Students with little or no cybersecurity knowledge are being used to fight off hackers because there are not enough cybersecurity employees and matters are getting worse.

Published: February 17, 2019, 10:35 am

    According to one estimate, by 2021 some 3,5 million cybersecurity jobs will be unfilled, MIT Technology Review reported. And sadly of those that apply, fewer than one in four are qualified enough to do the job.

    So students are being paired with AI software that enables them to get the job done. Texas A&M University System has found a way to solve its problem in the short term.

    The college’s Security Operations Center deals with around a million attempts to hack the university system per month. Yet the center does have some full-time employees – the majority of its security staff is made up of students working with AI software to detect, monitor, and remediate the threats.
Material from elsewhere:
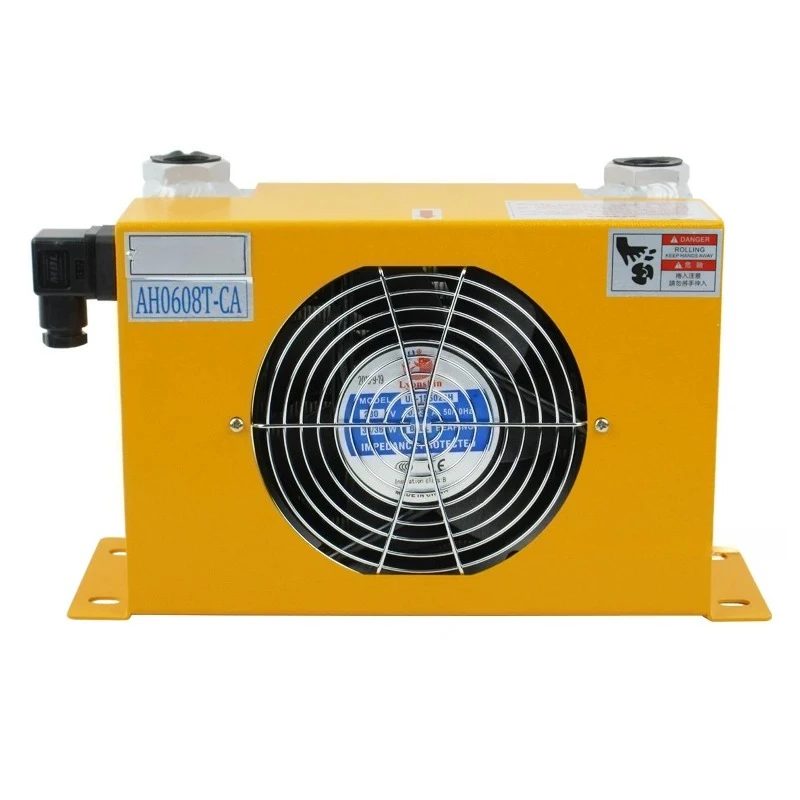Hydraulic air cooler AH1012T-CA air-cooled oil radiator cooler with truck crane modified fuel tank heat dissipation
    Students-in-training serve as cheap cybersecurity staff for the college. And unlike many other organisations, Texas A&M is having no trouble filling the positions. “We have never posted a job,” Daniel Basile, executive director of the Security Operations Center, told MIT. “All of [the students] have heard about us through side channels.”

    Large corporations facing similar shortages have been investing in longer-term solutions like mobile training trucks and apprenticeship programs.

    The AI software only detects anomalies but it cannot act upon its findings, making humans a necessity.

    When the students come in for the day, they’re presented with a whiteboard displaying different areas of the university, noting how many potential threats each is facing, because the AI has already pulled out these “events”.

    The students will then look for suspicious activity. They do so by comparing them with past attacks, looking at things like IP addresses, and analyzing data provided by the software. Student security analyst Jennifer Allen identified a large amount of data in the school network as illicit BitTorrent activity.

    A recent survey found that almost 40 percent of security executives said the skills shortage was causing high rates of burnout and turnover. “No matter how much revenue you have, you can’t find the people,” says Hitesh Sheth, CEO of Vectra, which makes the AI software the university uses. “People leave in 12 months because someone else will give them a 30 percent bump in pay.”

    Artificial intelligence used against attacks could be a dangerous gamble, however. Hackers can learn to circumvent security algorithms quickly. Therefore, humans have an important role to play, and they are desperately needed.